Although the larger issues highlighted in the Dodd-Frank Wall Street Reform and Consumer Protection Act, such as fiduciary standards and investment adviser oversight, are discussed, this article focuses on the practical aspects of compliance requiring consideration and action today, depending on one’s professional circumstances. And it concludes with a summary of proposals to keep an eye on as we move into 2012 and the profession continues to develop in the wake of the financial crisis.
State Regulation or Federal—and When?
The Securities and Exchange Commission (SEC) proposed a rule1 late last year that seeks to shift oversight of “mid-sized advisers”—those having between $25 million and $100 million in assets under management (AUM)—from the SEC to state securities authorities. Advisers falling under the $100 million threshold will need to withdraw registration with the SEC and register with one or more states, based on individual state laws. Reprogramming within the Investment Adviser Registration Depository system, which will handle transition filings, is expected to take through the end of the year.
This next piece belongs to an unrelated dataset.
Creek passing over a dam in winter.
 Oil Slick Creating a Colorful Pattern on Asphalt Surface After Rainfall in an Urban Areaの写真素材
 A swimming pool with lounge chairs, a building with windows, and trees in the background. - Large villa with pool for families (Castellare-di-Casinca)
The SEC clarified timing of the transition, which it estimates will affect 3,200 of the 11,500 advisers registered with them, in amendments adopted during an Open Meeting on June 22. The SEC announced: “Advisers registered with the Commission will have to declare that they are permitted to remain registered in a filing in the first quarter of 2012, and those no longer eligible for Commission registration will have until June 28, 2012, to complete the switch to state registration.”2
Mid-sized advisers in New York, Minnesota, and Wyoming, however, will remain registered with the SEC. Those states do not meet Dodd-Frank requirements for regular adviser exams.
Dan Barry, director of government relations for the Financial Planning Association (FPA) in Washington, D.C., suggests, “Advisers implicated in the switch should be reaching out now, individually or collectively, to securities regulators in the state or states where they do business, if they have questions about how to go about the process.” Barry believes advisers near the cusp of the threshold will experience more of a challenge with this change than other planners, as they could find themselves bouncing back and forth as they straddle the $100 million limit. “But these types of issues were dealt with in the 1990s when the federal-state split was first made at the $25 million threshold, so there is at least some precedence and experience—what’s new is the level,” says Barry.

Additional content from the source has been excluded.